Caption-style text data:
--- --- ---

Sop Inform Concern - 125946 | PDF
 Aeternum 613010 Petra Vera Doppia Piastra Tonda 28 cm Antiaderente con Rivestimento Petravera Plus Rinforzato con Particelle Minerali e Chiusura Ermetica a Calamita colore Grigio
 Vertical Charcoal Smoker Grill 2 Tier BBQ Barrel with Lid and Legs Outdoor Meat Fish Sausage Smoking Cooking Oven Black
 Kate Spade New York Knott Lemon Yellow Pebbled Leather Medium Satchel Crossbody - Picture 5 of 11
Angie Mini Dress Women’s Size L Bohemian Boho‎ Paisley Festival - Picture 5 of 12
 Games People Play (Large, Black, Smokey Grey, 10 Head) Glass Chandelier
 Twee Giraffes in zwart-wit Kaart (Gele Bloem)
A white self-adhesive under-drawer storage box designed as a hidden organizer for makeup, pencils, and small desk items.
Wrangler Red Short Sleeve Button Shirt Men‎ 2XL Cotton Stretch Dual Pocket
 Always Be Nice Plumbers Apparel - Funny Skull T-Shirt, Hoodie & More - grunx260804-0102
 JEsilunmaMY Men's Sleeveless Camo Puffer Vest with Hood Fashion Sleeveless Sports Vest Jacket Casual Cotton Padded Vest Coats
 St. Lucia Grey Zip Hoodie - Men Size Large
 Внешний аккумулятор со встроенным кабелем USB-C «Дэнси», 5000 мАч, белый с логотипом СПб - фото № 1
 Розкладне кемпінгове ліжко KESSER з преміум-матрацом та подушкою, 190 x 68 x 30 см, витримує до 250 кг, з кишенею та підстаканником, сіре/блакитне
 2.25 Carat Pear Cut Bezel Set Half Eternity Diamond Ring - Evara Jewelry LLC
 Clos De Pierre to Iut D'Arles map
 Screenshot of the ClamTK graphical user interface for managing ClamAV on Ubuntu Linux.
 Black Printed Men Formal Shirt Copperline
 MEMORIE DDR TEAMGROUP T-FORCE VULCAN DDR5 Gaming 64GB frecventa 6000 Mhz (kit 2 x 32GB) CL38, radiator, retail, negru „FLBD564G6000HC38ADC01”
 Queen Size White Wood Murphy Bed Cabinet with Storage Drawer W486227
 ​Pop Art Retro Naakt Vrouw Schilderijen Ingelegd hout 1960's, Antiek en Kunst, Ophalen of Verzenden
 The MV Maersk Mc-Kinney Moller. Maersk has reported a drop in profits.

--- --- ---

Some lines above contain the word "Black". Copy each of them.

 Vertical Charcoal Smoker Grill 2 Tier BBQ Barrel with Lid and Legs Outdoor Meat Fish Sausage Smoking Cooking Oven Black
 Games People Play (Large, Black, Smokey Grey, 10 Head) Glass Chandelier
 Black Printed Men Formal Shirt Copperline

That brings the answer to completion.